**Exercise data**
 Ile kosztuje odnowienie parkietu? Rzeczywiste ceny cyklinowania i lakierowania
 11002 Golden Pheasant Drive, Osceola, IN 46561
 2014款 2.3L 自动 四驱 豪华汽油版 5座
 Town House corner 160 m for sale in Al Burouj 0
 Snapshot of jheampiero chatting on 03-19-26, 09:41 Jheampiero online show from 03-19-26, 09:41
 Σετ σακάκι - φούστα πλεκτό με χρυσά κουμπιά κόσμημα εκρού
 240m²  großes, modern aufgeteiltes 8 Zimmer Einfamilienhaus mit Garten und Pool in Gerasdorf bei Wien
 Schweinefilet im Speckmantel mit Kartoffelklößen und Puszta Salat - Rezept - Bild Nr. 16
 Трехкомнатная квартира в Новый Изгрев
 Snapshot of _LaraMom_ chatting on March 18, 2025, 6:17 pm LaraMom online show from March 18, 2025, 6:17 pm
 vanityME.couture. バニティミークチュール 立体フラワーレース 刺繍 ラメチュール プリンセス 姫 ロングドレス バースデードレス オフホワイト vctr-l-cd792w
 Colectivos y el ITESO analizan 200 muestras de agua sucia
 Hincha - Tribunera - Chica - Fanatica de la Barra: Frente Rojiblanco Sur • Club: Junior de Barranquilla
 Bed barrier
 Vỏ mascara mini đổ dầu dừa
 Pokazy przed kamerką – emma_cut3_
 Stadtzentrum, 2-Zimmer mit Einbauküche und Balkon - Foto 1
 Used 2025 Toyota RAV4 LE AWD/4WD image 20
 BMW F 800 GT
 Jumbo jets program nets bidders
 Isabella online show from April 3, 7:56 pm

**Exercise objective**
The lines wanted are those from the one holding "BMW F 800 GT" through the final line of the listing; print them exactly.

**Answer to this task**
 BMW F 800 GT
 Jumbo jets program nets bidders
 Isabella online show from April 3, 7:56 pm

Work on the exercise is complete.